There are at least 109 mountains with elevations greater than 7,200 metres (23,622 ft) above sea level. All of these mountains are located in southern and central Asia. Only those summits are included that, by an objective measure, may be considered individual mountains as opposed to subsidiary peaks.
Denali, Mount Kilimanjaro and Nanga Parbat are possible candidates for the tallest mountain on land by this measure. The bases of mountain islands are below sea level, and given this consideration Mauna Kea (4,207 m (13,802 ft) above sea level) is the world's tallest mountain and volcano, rising about 10,203 m (33,474 ft) from the Pacific Ocean floor. Ojos del Salado has the greatest rise on Earth—13,420 m (44,029 ft) from the summit to the bottom of the Atacama Trench about 560 km (350 mi) away, though most of this rise is not part of the mountain.

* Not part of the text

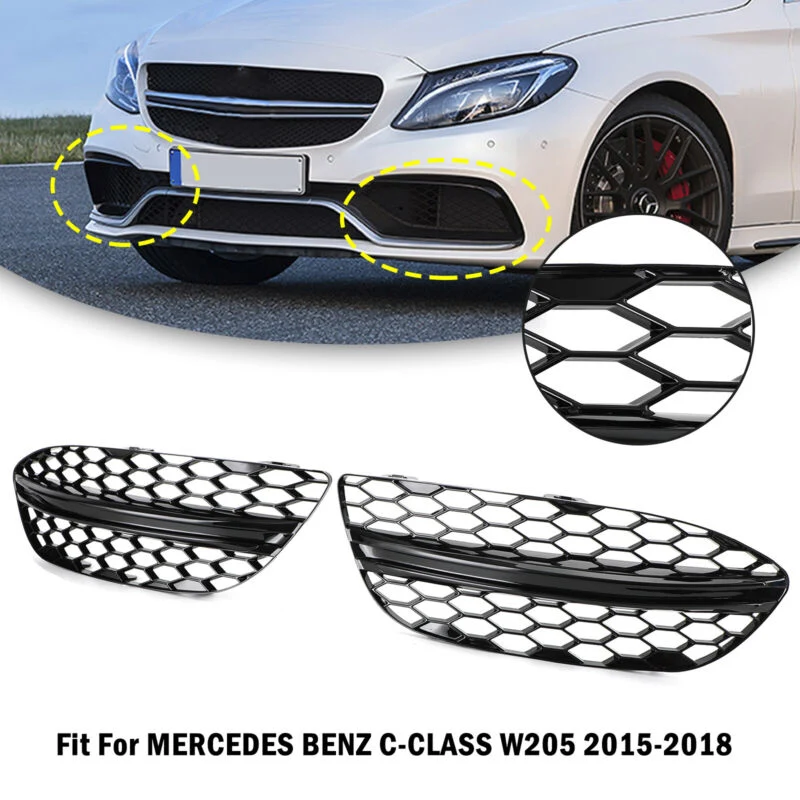 Front Fog Light Cover Grill For Mercedes W205 Sedam C200 C250 C300 Non-AMG 2015-2018 - Image 3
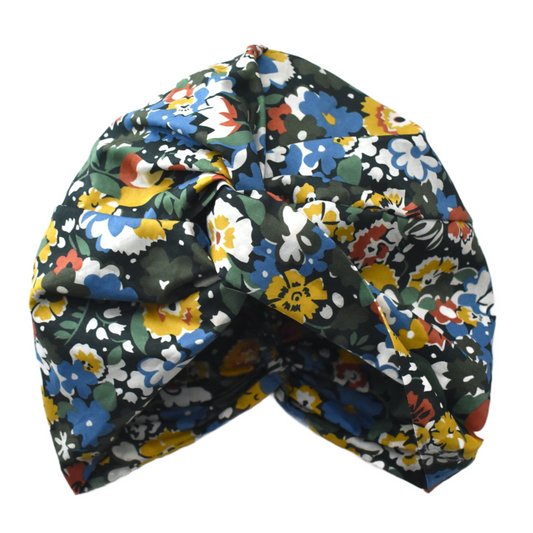 Little Susan Turban Hat - Green Floral print by Liberty of London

The highest mountains are also not generally the most voluminous. Mauna Loa (4,169 m or 13,678 ft) is the largest mountain on Earth in terms of base area (about 2,000 sq mi or 5,200 km2) and volume (about 10,000 cu mi or 42,000 km3), although, due to the intergrade of lava from Kilauea, Hualalai and Mauna Kea, the volume can only be estimated based on surface area and height of the edifice. Mt. Kilimanjaro is the largest non-shield volcano in terms of both base area (245 sq mi or 635 km2) and volume (1,150 cu mi or 4,793 km3). Mount Logan is the largest non-volcanic mountain in base area (120 sq mi or 311 km2).
The highest mountains above sea level are also not those with peaks farthest from the centre of the Earth, because the figure of the Earth is not spherical. Sea level closer to the equator is several kilometres farther from the centre of the Earth. The summit of Chimborazo, Ecuador's tallest mountain, is usually considered to be the farthest point from the Earth's centre, although the southern summit of Peru's tallest mountain, Huascarán, is another contender. Both have elevations above sea level more than 2 km less than that of Everest.